Start of DATA SHOWN

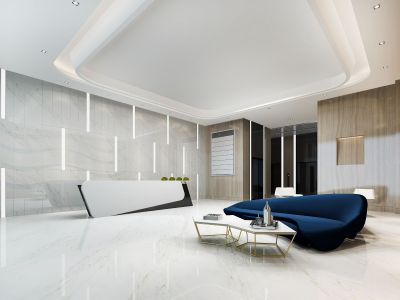 Hướng dẫn thi công tấm nhựa giả đá chi tiết từ A - Z - Nhà Đẹp Sài Gòn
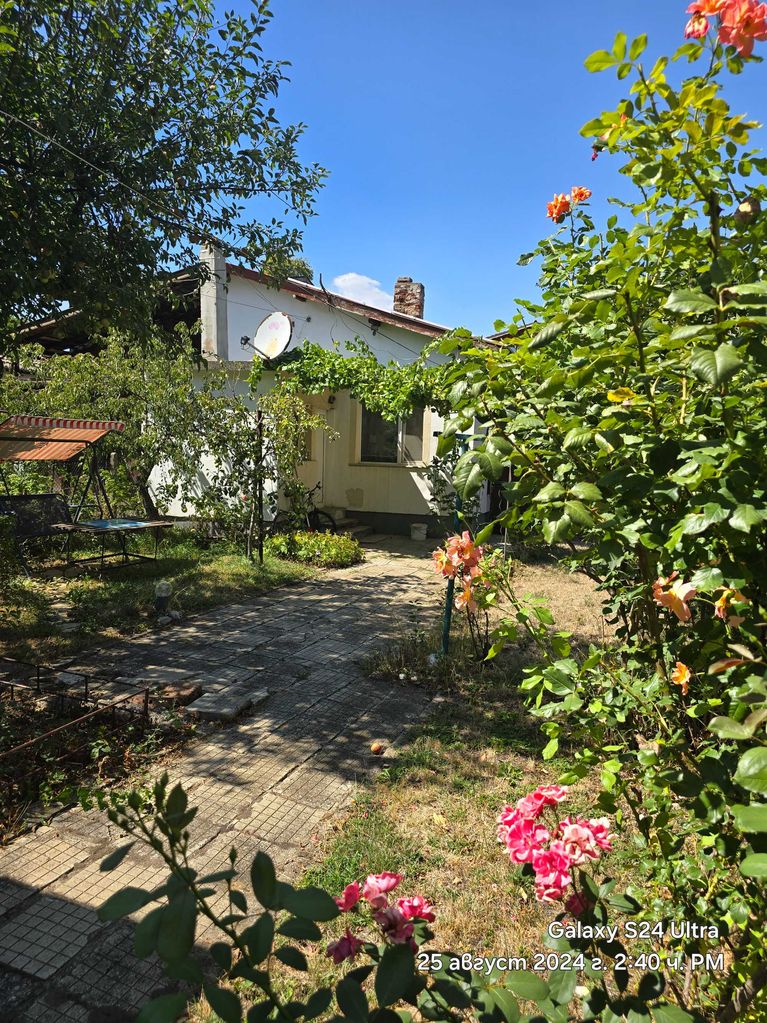 Продава се Къща в Драгоман - 120 кв.м за 709 €/кв.м - Снимка #9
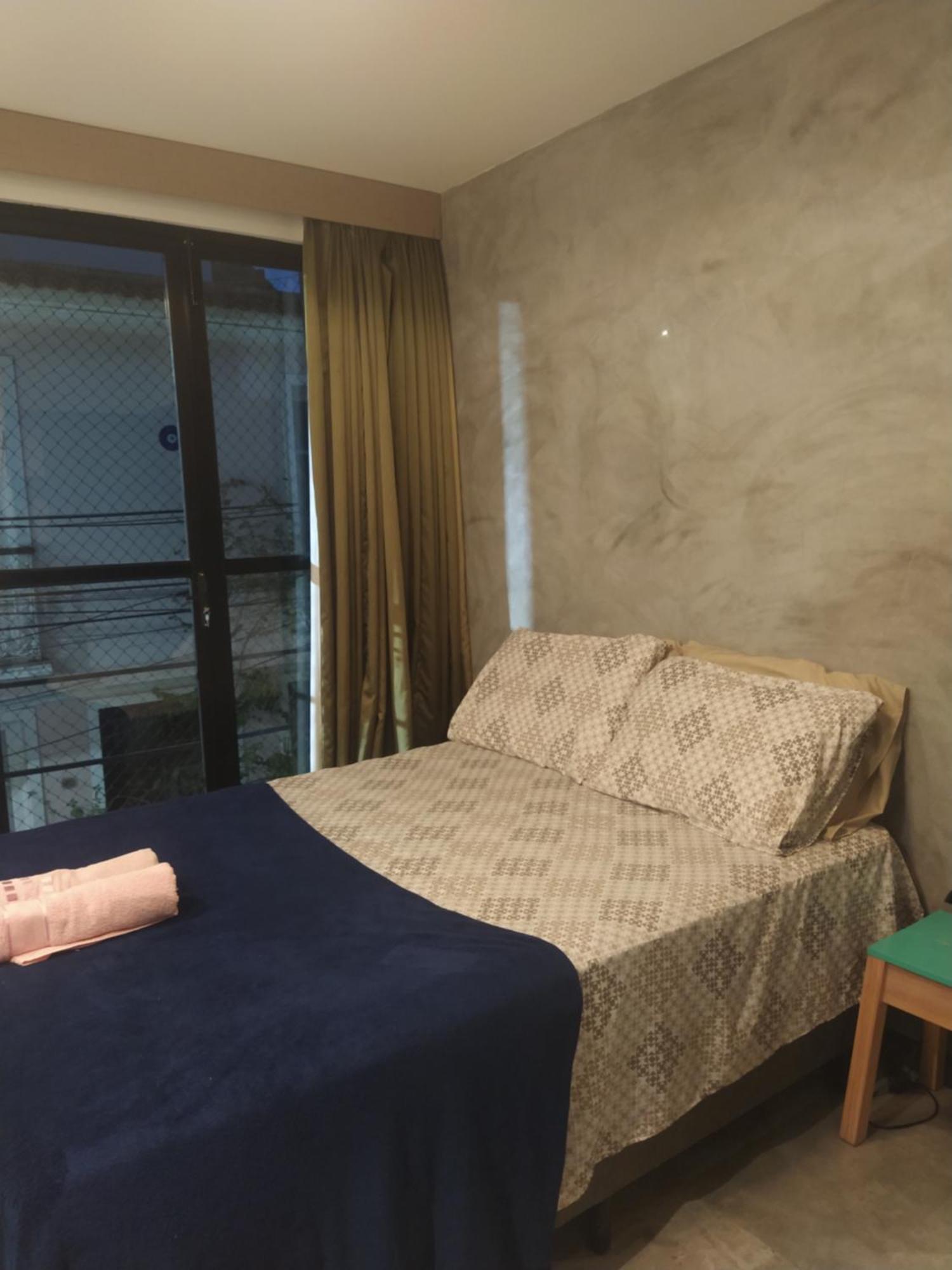 Suites/Studios Privados Copacabana Rio de Janeiro Dış mekan fotoğraf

End of DATA SHOWN

◆ **WHAT YOU ARE ASKED TO DO**
Starting at the line that holds "Продава се Къща", repeat every line through the end of the listing exactly as written, skipping any picture.

◆ **RESULT**
 Продава се Къща в Драгоман - 120 кв.м за 709 €/кв.м - Снимка #9
 Suites/Studios Privados Copacabana Rio de Janeiro Dış mekan fotoğraf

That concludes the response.